Aux côtés du jeune Xavier (Romain Duris), on (re)découvre le sentiment d’apprentissage dans la fosse à autonomie. Seul, il entreprend un parcours l’obligeant à prendre des initiatives. Il commet des erreurs mais s’aligne toujours sur la verticalité de son envie et de ses pulsions, pour enfin de laisse respirer un air frais et libre. On prend notamment conscience de plusieurs faits, donc le rôle et devoir d’une mère possessive, obligeant son fils à s’opposer à ses racines. Il prend également conscience de l’amour et se laisse porter par son instinct plutôt que de recoller avec ses origines. Martine (Audrey Tautou), sa petite amie, correspond la métaphore de la fermière, cloisonnée dans son environnement. Piégée, elle ne se pose pas de questions et se repose sur ce qu’elle a pu obtenir sans le moindre effort ou compromis. Il en va de même lorsque le jeune fait la connaissance d’un couple de français, l’accueillant à son arrivée. La forme de dépendance, encore non négligeable avec sa terre natale, est à l’œuvre et prend tout un sens à ce qui arrive par la suite. On assiste alors à une sorte de révolution, ou encore un appel à l’émancipation que l’on se garde de boucler au terme du choc culturel.
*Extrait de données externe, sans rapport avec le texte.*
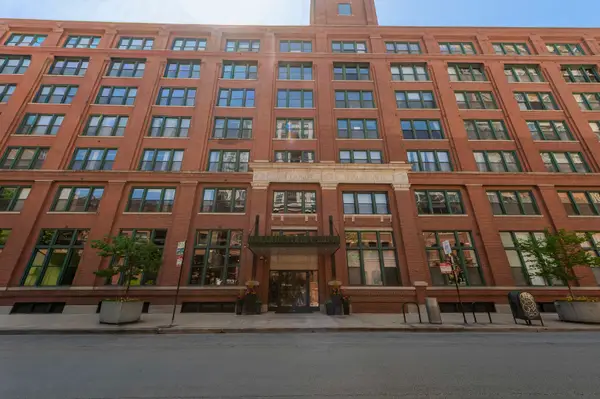 411 W Ontario Street #220, Chicago, IL 60654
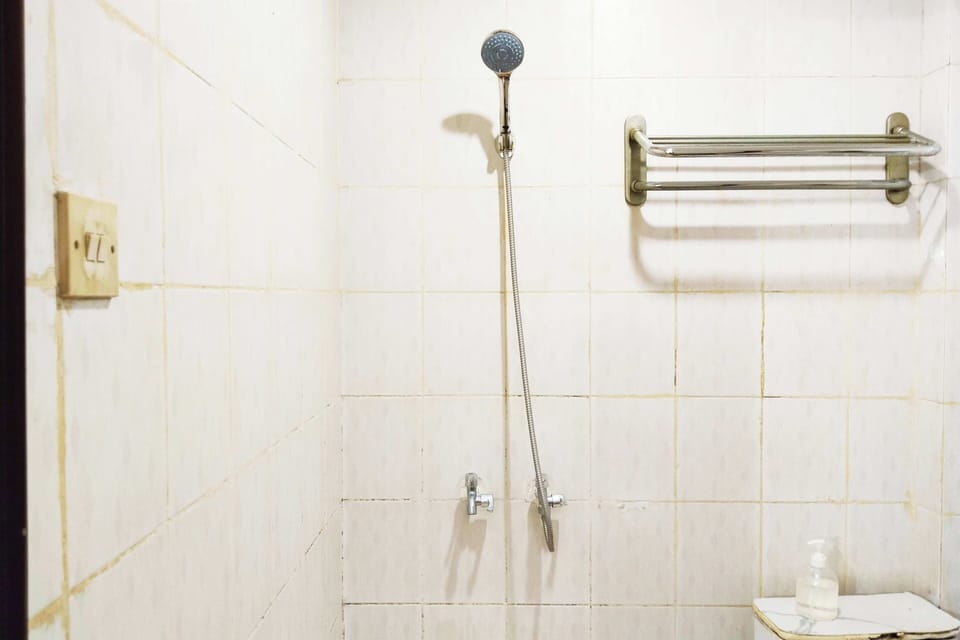 Standard Double Room | Bathroom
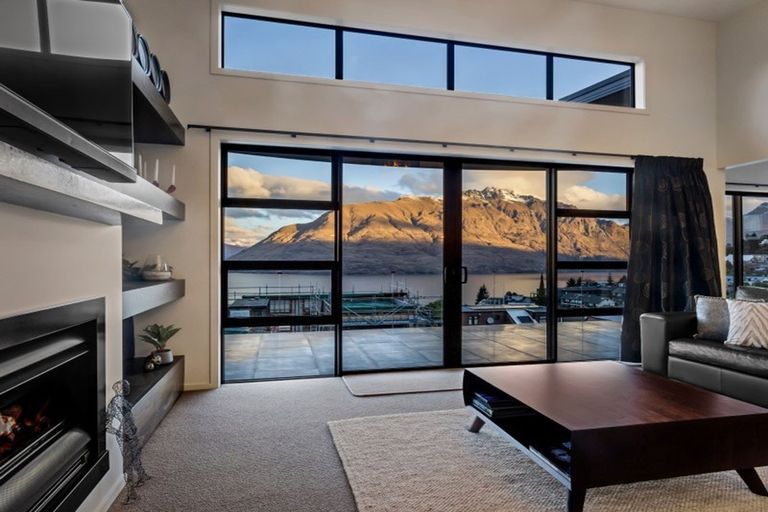 Photo of property in 70 Wynyard Crescent, Fernhill, Queenstown, 9300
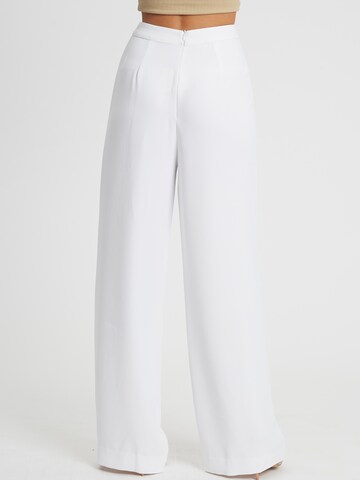 Tussah - Pierna ancha Pantalón 'Milly' en blanco: atrás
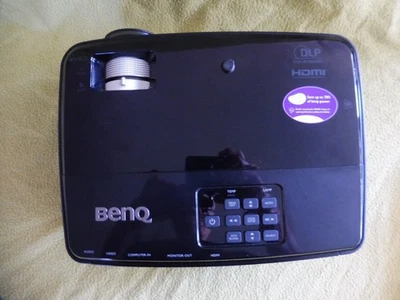 BenQ DLP Beamer/Projektor MS 517 mit Fernbedienung - Bild 1 von 4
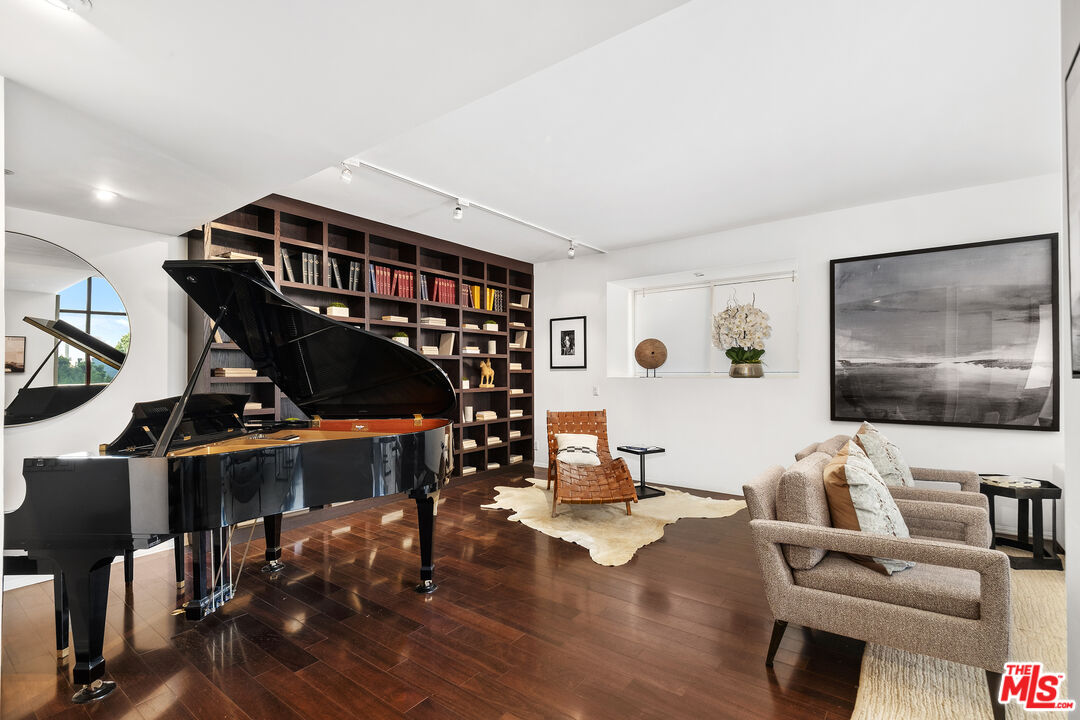 MLS #25575131 image #4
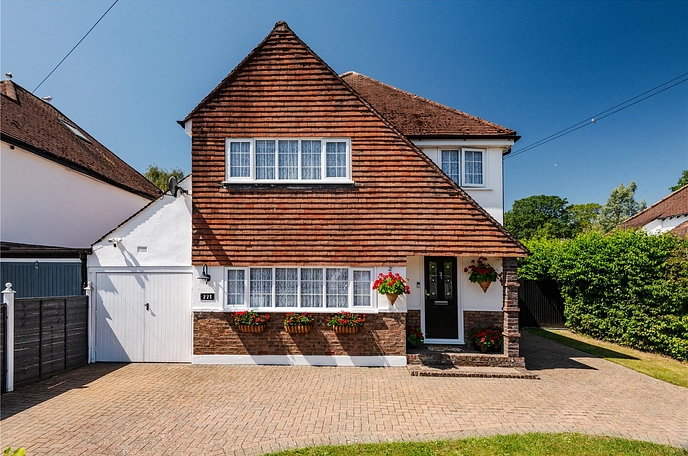 3 bedroom  detached house for sale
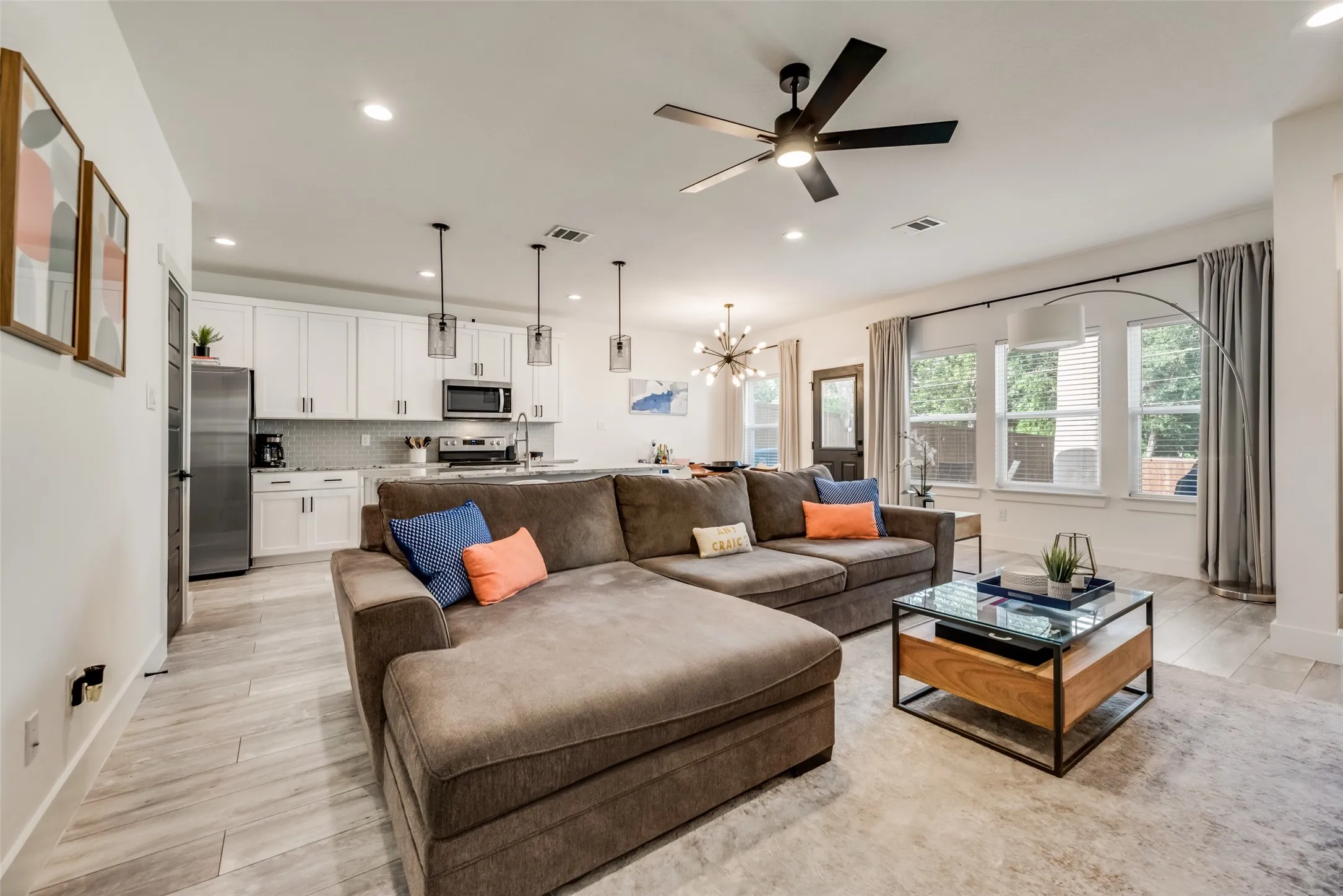 Single Family Residence For Rent in Dallas County , 3001 Fernwood Avenue, Dallas, Texas 75216, 4 Bedroom, 2 Bathroom, 2 Garage spaces, 1,738 Sqft, built in 2021, mls#21323849, Real Estate Agent in Dallas, Homes For Rent in Dallas county, Homes For Rent in Dallas, Realtor in Dallas Texas, Real Estate Brokerage Independent Realty Texas, Luminita Cordes Realtor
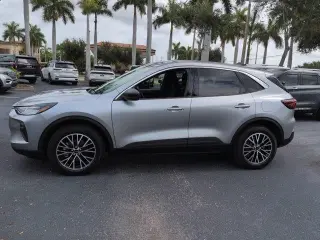 Ford Escape Hybrid 2023 AWD Active 4 puertas SUV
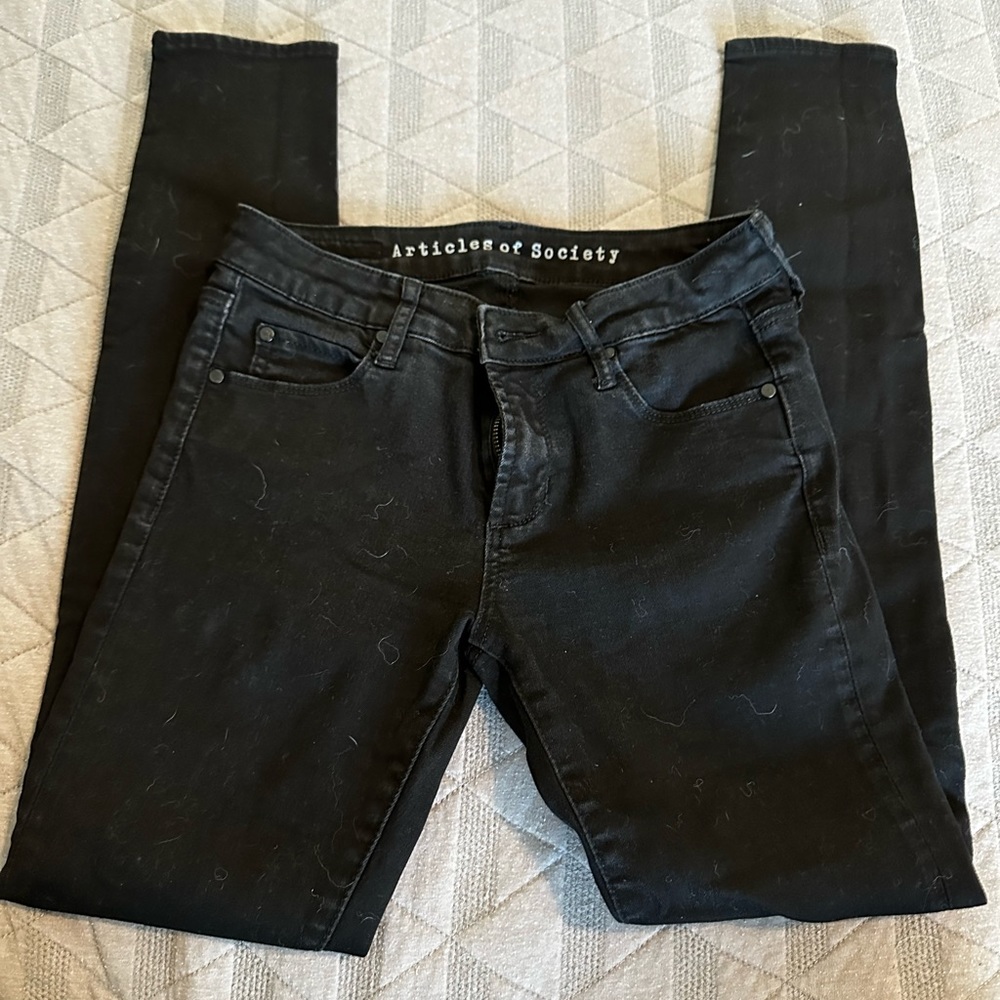 Black articles of society skinny jeans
Sept étudiants, sept profils, sept cultures, voilà ce qui donne le ton au récit. Bien que le langage et les manières les distinguent tous, les mœurs les rapprochent par la complexité de leur situation. Chacun est dans cette colocation a dans l’objectif de se découvrir et de découvrir le sens de la vie. Ils se présentent d’abord via des stéréotypes nationaux, mais le réalisateur ne sombre jamais dans le cliché à l’égard de ses personnages construits. Il est rare de voir une telle habilité dans la gestion d’un casting conséquent, et pourtant, aucun n’est mis à l’écart. On l’hésite pas non plus à faire de apparitions redondantes afin d’appuyer une situation, sans forcément troubler l’ordre des choses. Le questionnement sur l’identité nationale et culturelle devient alors tout l’enjeu de l’intrigue. Alors que Xavier observe, avec attention, les conflits autour de lui, il déploie toute la fougue et la sagesse qui mène l’enfant à sa croissance ultime, celle qui conduit à la maturité.
Quant à l’émancipation, il est difficile de l’accepter, même de la part d’une femme qui a plus d’expérience et qui a vécu plus de choses. Malgré tout, il restera toujours cette étincelle de folie qui nous rajeunira et nous fera trembler dans un bain nostalgique. Au final, « L’Auberge Espagnole » constitue un environnement de cohabitation divertissant, qui présente néanmoins des failles. Il en résulte ainsi des pistes sur une éventuelle entente entre les nations européennes afin de mieux appréhender les désirs de chacun. Tout est en route vers un monde mature, où les personnages l’apprennent à leur dépend. La comédie touche au but et conduit à l’aboutissement de la raison.